Ein ähnliches Beispiel ist die Bürgernähe. Unsere ehrenamtlichen Entscheidungsträger wollen mitbestimmen. Da werden richtig Diskussionen geführt. Wir könnten wesentlich effektiver sein, wenn es keine ehrenamtlichen Mitbestimmerinnen und Mitbestimmer mehr gebe und wir als Verwaltung alles allein machen könnten. Aber wollen wir das überhaupt? Nein, wollen wir nicht. Wir wollen Mitbestimmer, wir wollen Demokratie. Bei einer Großkommune würde die Bürgernähe definitiv verlorengehen. Man könnte eventuell Zeit sparen, indem der Bürgermeister eben nicht mehr auf den 90. Geburtstag eines Bürgers seiner Kommune geht und nicht mehr gratuliert. Muss das sein? Darüber kann man diskutieren. Aber gerade in diesen Gesprächen, die immer mal wieder 60 Minuten Zeit in Anspruch nehmen, kriege ich doch viel mehr mit, von dem, was in meiner Kommune passiert, von dem, was die Bürger in meiner Kommune beschäftigt, danach kann ich agieren und gewisse Entscheidungen treffen. Die Bürgernähe, die Menschlichkeit – dies würde alles verlorengehen. Wenn wir hier eine Arbeitslosigkeit hätten, von 8- bis 10 Prozent, die Unternehmen leer stehen würden, die Gebäude leer stehen würden, dann könnte die Großstadt eventuell dahingehend ein Strohhalm sein, dass man sagt, da klammert man sich jetzt dran, mit dem Kalkül, vielleicht bekommen wir im bundesweiten Wettbewerb eine bessere Situation für unsere Kommune hin. Aber das Gegenteil ist der Fall. Wir haben Vollbeschäftigung. Unsere Bauplätze sind voll, unsere Gewerbeflächen sind voll. Wir können nicht noch weiterwachsen, wenn nicht das Drumherum mitmacht. Und die Landwirte machen nicht mit, weil sie zu Recht sagen: Wir sind Familienbetriebe! Wir ernähren Euch! Es geht schon. Wir bekommen das ganz gut hin.

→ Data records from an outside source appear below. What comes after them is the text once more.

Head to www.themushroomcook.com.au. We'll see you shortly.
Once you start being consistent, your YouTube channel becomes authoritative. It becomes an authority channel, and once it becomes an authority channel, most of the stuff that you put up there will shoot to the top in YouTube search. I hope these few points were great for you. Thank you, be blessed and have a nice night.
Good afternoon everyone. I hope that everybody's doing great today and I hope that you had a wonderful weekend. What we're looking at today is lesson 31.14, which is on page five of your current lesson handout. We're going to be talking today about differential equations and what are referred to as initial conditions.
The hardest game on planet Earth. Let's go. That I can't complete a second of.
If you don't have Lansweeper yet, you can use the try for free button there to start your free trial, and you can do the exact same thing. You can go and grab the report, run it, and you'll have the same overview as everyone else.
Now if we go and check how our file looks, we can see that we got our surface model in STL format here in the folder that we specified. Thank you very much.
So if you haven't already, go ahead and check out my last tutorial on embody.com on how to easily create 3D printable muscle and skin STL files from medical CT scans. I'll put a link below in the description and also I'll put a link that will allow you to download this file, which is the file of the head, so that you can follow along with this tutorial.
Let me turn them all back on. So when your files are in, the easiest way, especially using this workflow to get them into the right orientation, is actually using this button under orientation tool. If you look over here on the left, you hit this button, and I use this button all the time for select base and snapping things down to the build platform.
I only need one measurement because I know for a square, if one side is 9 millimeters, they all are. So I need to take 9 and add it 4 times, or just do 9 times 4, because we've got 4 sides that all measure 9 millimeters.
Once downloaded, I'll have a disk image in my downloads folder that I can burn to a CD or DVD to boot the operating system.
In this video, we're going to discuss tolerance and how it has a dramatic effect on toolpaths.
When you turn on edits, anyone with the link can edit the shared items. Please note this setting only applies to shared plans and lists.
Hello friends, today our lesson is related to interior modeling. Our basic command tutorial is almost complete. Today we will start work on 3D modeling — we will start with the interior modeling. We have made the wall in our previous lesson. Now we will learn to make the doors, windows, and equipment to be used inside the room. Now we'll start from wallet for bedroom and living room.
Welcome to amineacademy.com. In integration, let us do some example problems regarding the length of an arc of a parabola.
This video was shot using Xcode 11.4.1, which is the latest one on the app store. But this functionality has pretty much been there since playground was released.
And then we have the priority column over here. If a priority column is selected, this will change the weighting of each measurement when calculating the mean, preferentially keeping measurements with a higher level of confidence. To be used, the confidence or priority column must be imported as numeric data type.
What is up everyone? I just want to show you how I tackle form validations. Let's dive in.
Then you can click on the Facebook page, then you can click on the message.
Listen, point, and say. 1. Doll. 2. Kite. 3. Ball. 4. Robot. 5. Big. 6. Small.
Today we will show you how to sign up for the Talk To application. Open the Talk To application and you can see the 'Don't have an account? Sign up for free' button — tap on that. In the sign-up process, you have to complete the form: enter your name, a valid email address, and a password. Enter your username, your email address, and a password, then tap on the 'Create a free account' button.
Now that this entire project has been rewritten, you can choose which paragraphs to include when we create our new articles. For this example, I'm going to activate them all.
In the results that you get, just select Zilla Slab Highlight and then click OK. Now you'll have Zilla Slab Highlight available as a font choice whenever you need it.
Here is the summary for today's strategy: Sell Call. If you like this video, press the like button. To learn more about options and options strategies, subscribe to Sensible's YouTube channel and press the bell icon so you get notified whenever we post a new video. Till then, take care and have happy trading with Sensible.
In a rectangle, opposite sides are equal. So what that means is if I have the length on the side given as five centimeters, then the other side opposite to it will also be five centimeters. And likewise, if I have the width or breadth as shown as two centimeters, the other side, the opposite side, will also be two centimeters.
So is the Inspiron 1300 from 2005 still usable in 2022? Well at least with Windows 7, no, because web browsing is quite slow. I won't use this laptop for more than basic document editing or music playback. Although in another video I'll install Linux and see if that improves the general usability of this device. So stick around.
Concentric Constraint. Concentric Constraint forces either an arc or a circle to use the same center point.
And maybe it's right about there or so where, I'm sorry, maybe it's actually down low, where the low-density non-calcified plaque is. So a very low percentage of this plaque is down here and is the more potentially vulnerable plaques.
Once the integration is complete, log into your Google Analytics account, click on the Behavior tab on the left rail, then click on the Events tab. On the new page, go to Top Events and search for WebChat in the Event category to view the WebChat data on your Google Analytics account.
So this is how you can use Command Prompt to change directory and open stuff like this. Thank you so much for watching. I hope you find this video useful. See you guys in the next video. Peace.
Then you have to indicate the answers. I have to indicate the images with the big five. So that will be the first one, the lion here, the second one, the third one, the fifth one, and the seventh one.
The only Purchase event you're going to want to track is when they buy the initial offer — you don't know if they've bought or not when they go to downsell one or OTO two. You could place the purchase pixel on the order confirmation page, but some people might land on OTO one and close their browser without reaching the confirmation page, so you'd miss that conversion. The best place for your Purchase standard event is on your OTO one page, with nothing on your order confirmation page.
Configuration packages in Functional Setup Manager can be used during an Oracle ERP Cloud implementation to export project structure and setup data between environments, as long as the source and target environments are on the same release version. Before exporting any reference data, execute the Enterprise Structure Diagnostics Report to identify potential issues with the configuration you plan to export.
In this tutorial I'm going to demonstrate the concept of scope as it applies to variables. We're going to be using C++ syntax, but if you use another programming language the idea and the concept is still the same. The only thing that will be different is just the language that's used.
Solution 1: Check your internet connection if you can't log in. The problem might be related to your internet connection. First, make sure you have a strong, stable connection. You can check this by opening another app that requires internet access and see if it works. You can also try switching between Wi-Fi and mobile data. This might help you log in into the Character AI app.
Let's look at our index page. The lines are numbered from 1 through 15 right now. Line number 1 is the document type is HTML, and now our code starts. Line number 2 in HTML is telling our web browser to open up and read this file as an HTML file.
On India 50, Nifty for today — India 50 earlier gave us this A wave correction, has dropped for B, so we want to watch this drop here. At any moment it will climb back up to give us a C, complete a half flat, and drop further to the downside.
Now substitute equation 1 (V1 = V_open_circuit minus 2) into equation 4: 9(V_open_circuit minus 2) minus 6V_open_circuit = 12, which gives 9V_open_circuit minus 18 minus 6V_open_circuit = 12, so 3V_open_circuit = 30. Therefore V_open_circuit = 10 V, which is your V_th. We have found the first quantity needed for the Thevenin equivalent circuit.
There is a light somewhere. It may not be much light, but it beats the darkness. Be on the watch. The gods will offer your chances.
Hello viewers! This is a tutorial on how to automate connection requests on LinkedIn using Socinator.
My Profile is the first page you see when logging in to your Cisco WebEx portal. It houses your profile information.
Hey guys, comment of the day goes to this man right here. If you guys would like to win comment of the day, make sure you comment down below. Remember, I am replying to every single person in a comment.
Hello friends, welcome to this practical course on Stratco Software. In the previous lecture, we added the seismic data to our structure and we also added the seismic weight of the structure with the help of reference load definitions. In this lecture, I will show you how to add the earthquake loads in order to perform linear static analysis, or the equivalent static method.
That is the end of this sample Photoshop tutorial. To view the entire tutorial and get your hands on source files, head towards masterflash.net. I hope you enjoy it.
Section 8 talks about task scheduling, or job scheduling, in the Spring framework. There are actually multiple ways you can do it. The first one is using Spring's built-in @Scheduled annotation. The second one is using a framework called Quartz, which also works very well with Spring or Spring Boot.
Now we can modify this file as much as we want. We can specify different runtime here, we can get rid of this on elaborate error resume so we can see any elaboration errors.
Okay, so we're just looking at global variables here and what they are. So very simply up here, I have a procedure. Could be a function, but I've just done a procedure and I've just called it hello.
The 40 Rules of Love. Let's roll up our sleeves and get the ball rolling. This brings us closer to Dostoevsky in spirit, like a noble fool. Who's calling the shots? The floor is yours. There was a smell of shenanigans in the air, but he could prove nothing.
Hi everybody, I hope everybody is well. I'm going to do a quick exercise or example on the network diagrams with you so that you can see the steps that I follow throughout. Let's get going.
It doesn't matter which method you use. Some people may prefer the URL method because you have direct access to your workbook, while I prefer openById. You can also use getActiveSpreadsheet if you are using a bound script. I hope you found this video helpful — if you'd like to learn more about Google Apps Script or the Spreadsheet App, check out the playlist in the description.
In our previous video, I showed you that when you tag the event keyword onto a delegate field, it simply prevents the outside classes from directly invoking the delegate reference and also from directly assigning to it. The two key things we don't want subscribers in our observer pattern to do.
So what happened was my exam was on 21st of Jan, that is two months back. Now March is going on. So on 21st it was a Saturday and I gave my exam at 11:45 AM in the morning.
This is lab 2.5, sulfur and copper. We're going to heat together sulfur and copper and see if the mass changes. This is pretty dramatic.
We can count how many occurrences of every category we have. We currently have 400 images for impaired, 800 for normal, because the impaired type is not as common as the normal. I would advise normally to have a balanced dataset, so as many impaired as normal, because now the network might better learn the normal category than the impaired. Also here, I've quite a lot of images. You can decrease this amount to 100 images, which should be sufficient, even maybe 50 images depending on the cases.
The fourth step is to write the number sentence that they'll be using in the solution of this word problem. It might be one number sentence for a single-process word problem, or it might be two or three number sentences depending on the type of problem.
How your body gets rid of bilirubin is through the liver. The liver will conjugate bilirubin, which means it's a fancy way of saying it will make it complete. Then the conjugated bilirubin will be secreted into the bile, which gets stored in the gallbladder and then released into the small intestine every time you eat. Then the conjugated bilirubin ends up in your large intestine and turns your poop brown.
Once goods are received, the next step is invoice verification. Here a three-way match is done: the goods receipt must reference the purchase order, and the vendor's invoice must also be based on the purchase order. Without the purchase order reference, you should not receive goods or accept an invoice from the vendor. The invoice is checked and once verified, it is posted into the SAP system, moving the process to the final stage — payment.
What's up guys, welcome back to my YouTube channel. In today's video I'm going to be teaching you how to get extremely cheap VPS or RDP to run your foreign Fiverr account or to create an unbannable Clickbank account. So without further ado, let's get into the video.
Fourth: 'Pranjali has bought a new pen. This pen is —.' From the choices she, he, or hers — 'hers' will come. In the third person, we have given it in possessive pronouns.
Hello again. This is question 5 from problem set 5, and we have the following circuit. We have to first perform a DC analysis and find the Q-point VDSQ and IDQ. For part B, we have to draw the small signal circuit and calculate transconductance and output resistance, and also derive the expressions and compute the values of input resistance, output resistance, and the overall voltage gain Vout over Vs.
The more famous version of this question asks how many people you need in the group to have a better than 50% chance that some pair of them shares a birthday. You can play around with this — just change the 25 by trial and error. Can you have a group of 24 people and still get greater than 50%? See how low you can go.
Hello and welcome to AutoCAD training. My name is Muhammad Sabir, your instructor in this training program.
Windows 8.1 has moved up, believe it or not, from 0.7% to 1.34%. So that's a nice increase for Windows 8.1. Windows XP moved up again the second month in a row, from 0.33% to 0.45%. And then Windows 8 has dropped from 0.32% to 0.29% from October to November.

Wir haben in Künzell ganz viele, gut funktionierende Familienbetriebe, die können wir nicht enteignen und das wollen wir auch gar nicht. Momentan ist es so, dass die Landwirte auf die Politik auch gar nicht gut zu sprechen sind, weil sie immer wieder Flächen fordern. Es tut mir leid – liebe Landwirte -, aber ich muss sie leider fordern! Es gibt die Themen Hochwasserschutz, Wohnbauentwicklung, Gewerbeentwicklung, … – die Anfragen bestehen, aber es geht nur auf freiwilliger Basis! Wenn einer der landwirtschaftlichen Betriebe mal sagen würde: Ich ziehe mich aus familiären, aus gesundheitlichen oder sonstigen Gründen zurück! – dann könnte man vielleicht anderen wiederum helfen, … – ein Karussell in Gang bringen… –  und dann vernünftige Infrastrukturmaßnahmen umsetzen, aber das fehlt momentan.“

fuldainfo.de: Hat man in der Vergangenheit womöglich Fehler begangen? Haben die Kommunen zu wenig Flächen gekauft, in der Zeit, in der es ihnen noch möglich war?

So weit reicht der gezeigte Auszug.